Dee Dee Penny reflects on creating personal guitar pop

TRUE ROMANCE: Dee Dee Penny’s melancholy noise pop blooms on Too True.

Courtesy Sub Pop

TRUE ROMANCE: Dee Dee Penny’s melancholy noise pop blooms on Too True.

After six years, Dum Dum Girls, the highly personal guitar-pop project fronted by Dee Dee Penny, has drawn staying power from consistently catchy songwriting and incorporating atmospheric post-punk influences. In January, the group released its third studio album, Too True (Sub Pop), and it's full of Penny's moody vocals, synth production from former Brill Building songwriter Richard Gottehrer ("My Boyfriend's Back," "Hang on Sloopy"), and the most emotionally powerful songwriting to date. Before Dum Dum Girls' tour makes its way to Atlanta, Penny (Kristin Welchez) talked to CL about playing guitar in a male-dominated genre, being married to another musician (Brandon Welchez of Crocodiles), and her ever-present stage fright.

Too True moves from the lo-fi West Coast sound of previous albums to an '80s-tinged sound. Is that producer Richard Gottehrer's influence?

I wouldn't describe anything that I've recorded past my first few albums as West Coast, especially with access to a recording studio and people that know what they're doing. That was a big, liberating step for me. I've tried to take advantage of these things that can really take the record to the next level. Gottehrer came on board for the first record, I Will Be. I recorded the songs myself and had a MySpace at the time. He loved my cover of [Sonny & Cher's] "Baby Don't Go," and that piqued his interest. I was nervous, since his résumé is so impressive. He's an encyclopedia of so many key moments of music history, and he's so unjaded. It's shocking to me that he still has this love and lust for life. Besides his musical talents, it's why I'll keep him around.

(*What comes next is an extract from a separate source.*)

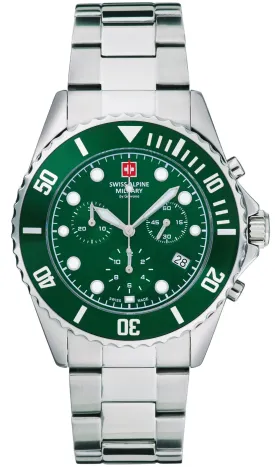 SAM Watch Master Diver Chrono Chronograph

Do you feel like Too True is a pop album?

I've always tried to write pop songs. I've always tried to produce my record in that way, and the idea of being able to communicate on a larger scale has always appealed to me. As I've become more comfortable and more confident in my songwriting and recording, I've tried to not engage with the negative backlash that's inevitable. I've become more comfortable writing things that reflect who I am.

I used to have debilitating stage fright. I still have moments of that, especially during TV performances. It's uncharted territory, and I've only done it about three times. Playing on ["Late Show with David Letterman"] was unreal, since I grew up watching Letterman.

What's it like being married to another touring musicians?

It's complicated to coordinate, obviously. The indie music world isn't set up to be conducive for joint touring, so we have pretty combative schedules. What we do is so weird compared to what most people do, so I'm glad that my partner understands what my life is like and vice versa. Nine months out of the year, I'm not home, but we've sort of figured out how to make it work.

Are there still limitations for women-fronted rock bands?

Oh, yeah. My personal experience was that when I started, I wanted to see what being a part of that female tradition would be like. As much as it's been a political thing, it's been a personal thing. My focus is on the music.

We've been championed as a female band, we've been insulted, we've been cut down. Female bands have been the token bands. I've generally loved them. There's an attitude and aesthetic to them that I love. It's kind of a tired category, and I know that it took me a long time to get to a place where I wanted to do it on my own. I'm trying to set an example not just for young girls, but for young people in general.